▶ Work instructions
Copy out the data below from the line containing "YSL Yves Saint" to the line containing "35 Timberview Drive, Arden, NC", both lines included, with all images left out.

___ Data to use

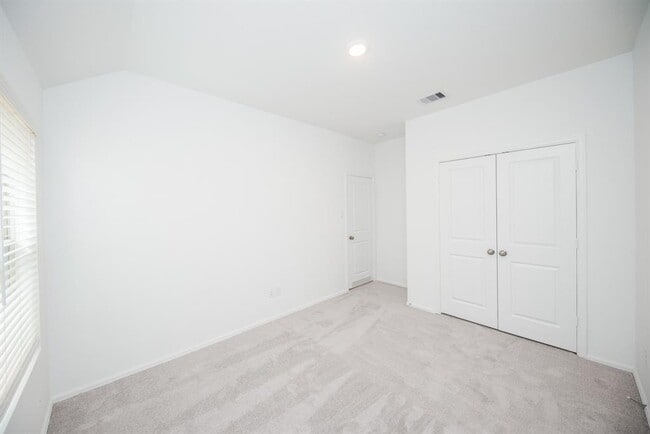 Building Photo - 7322 Bartoncliff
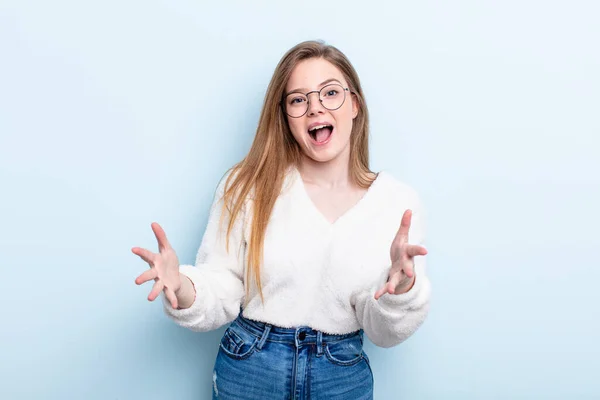 Caucásica Pelirroja Mujer Sintiéndose Feliz Asombrado Afortunado Sorprendido Como Decir —  Fotos de Stock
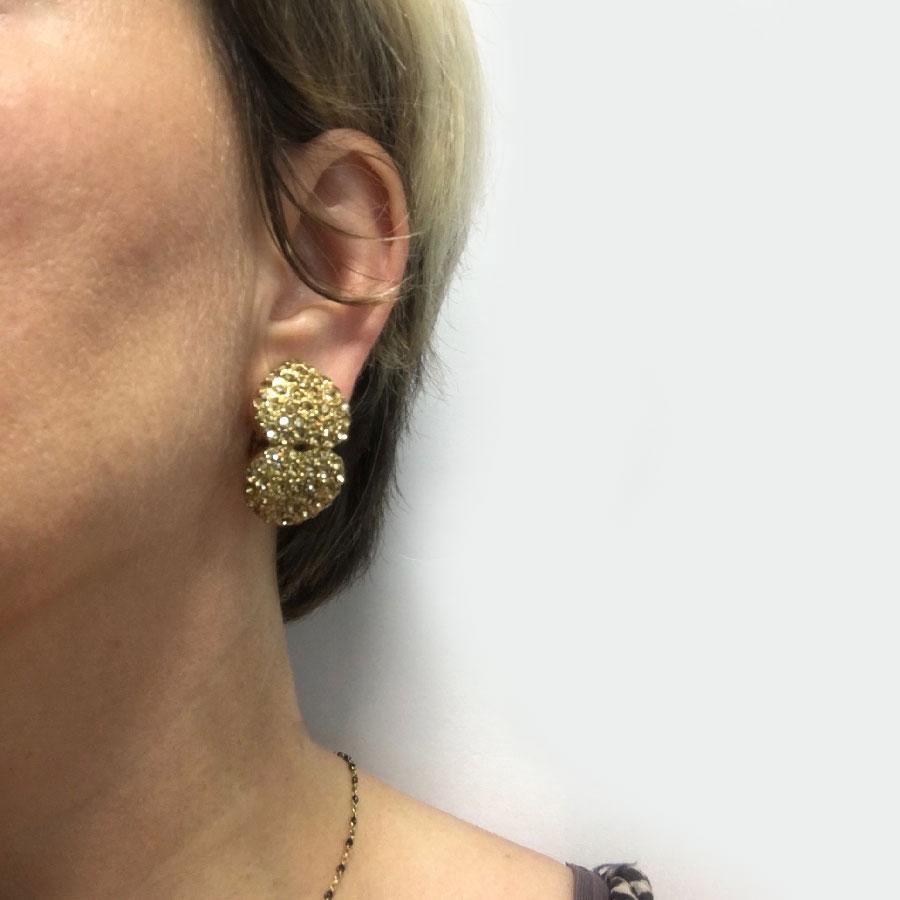 YSL Yves Saint Laurent clip earrings in gold metal and champagne rhinestones.
Immaculate condition. Made in France.
Dimensions: 3x1.8 cm
Delivered in a non original pouch.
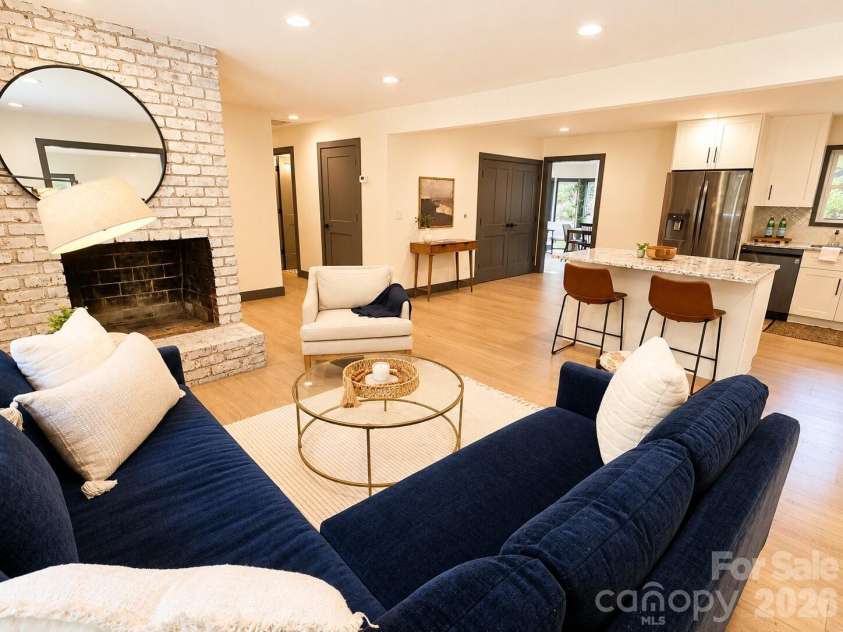 35 Timberview Drive, Arden, NC 28704.  MLS# CAR4373385, YatesRealty ID 29135. Designed layout perfect for relaxing or entertaining.
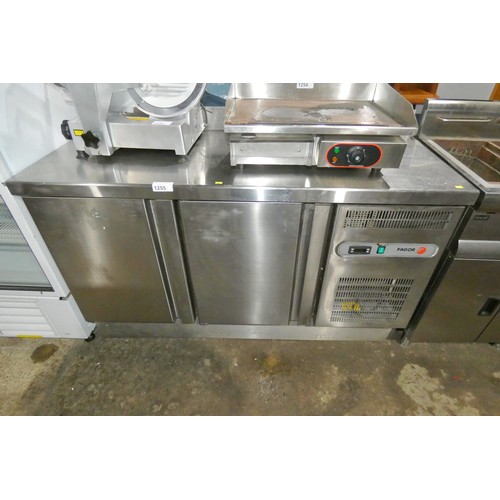 1255 - A commercial stainless steel bench fridge by Fagor, no shelves inside - trade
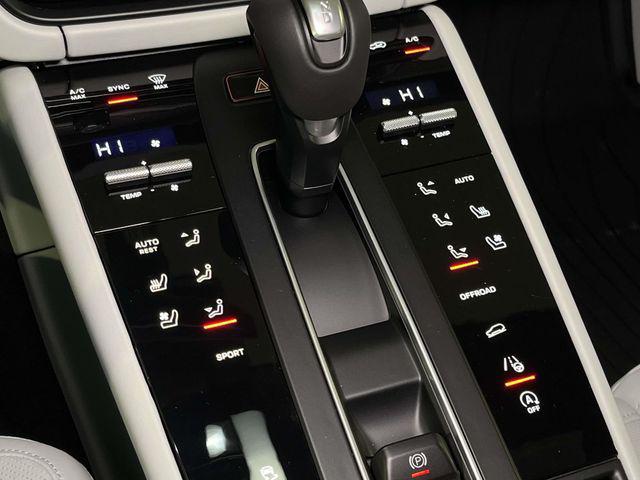 2026 Porsche Macan Unknown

______

▶ Task response
 YSL Yves Saint Laurent clip earrings in gold metal and champagne rhinestones.
Immaculate condition. Made in France.
Dimensions: 3x1.8 cm
Delivered in a non original pouch.
 35 Timberview Drive, Arden, NC 28704.  MLS# CAR4373385, YatesRealty ID 29135. Designed layout perfect for relaxing or entertaining.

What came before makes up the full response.